At the next meeting in December, the community again showed up in support of the Feemster name, along with dozens of online comments supporting the Feemster name. Six people spoke in favor of naming the new academy after Dolores. This time, Adrienne passionately expressed frustration with the Board of Trustees for their lack of transparency regarding the naming process. She referenced the board’s prior discussion held in November and highlighted their support for the new academy to have her grandmother’s name.
However, at the February 2020 meeting of the School Naming Committee it was voted to recommend just the Smith name to the Board of Trustees. This was done despite another outpouring of community support to honor the late Dolores Feemster. After the meeting, Adrienne filed a formal grievance citing violation of various statutes and policies. The district immediately began an investigation and within a month completed the internal review and found no policy violations. At the May 12th, 2020 Washoe County School District Board of Trustees meeting, which due to the pandemic was broadcast live via YouTube, the trustees voted to rename Hug High after the late politician Debbie Smith. This platform limited community participation which Adrienne believes further marginalized the community due to limited abilities to participate.

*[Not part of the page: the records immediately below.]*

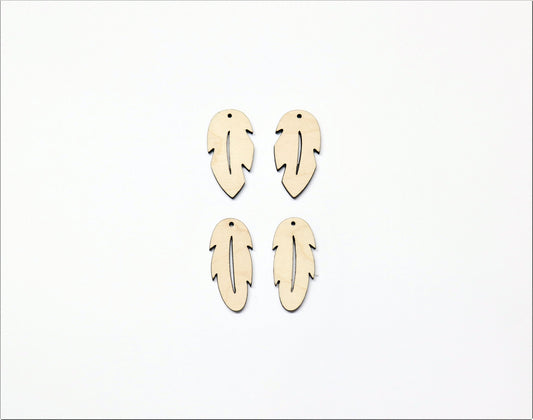 Feather blanks, wood cutouts, earring blanks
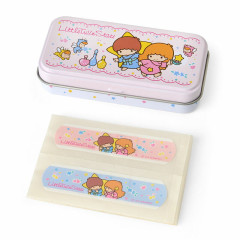 Japan Sanrio Original Bandage & Can Case - Little Twin Stars / Sanrio Forever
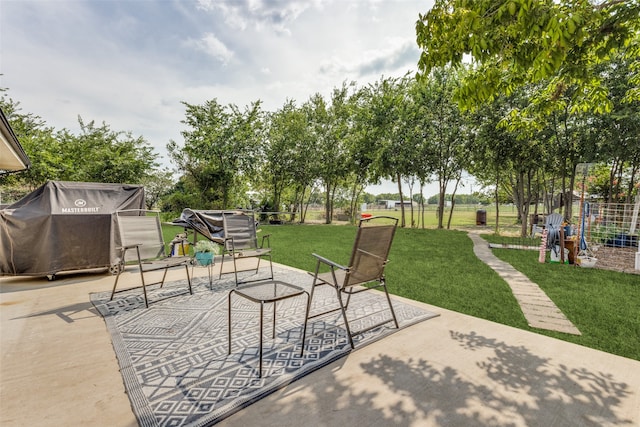 view of patio / terrace featuring area for grilling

A Petition and Events to Raise Awareness
The community has held many events to raise more awareness about the actions the school district has taken. She plans to continue fighting to get the name changed back to Feemster.
“It’s so important because of the legacy, the story that it tells, which is a part of my grandmother's legacy and it belongs to not just my family, but the community, it belongs to the city,” she said. Dolores was an African-Italian American and Adrienne feels the school district has the opportunity to move the community forward, particularly in a tumultuous year of social injustice and the growing Black Lives Matter movement, by naming the former high school after her grandmother.
Adrienne feels the school district is disconnected from the community by eliminating the Feemster name altogether. “There’s so many stories that come out of that community,” she said. “I feel like disregarding an opportunity to honor an African-American” shows the “board is out of touch not to understand the purpose.” As a community motivator, Adrienne is urging the board to do more research and consider the decisions they are making. She continues to encourage the community to contact the Board of Trustees with questions and public comments. “They have not answered the call to the community,” she said.
Adrienne will not be deterred. She is encouraging the community to show up at the next Board meeting held this Tuesday to offer public comment and give a face to the petition. She believes the answer no “is not absolute and that oftentimes people feel like their voice, their actions don’t really matter.” Adrienne wants the community to know their individual voices and actions, when organized together, do matter, and that change, even if there are many setbacks, barriers and obstacles, can still happen.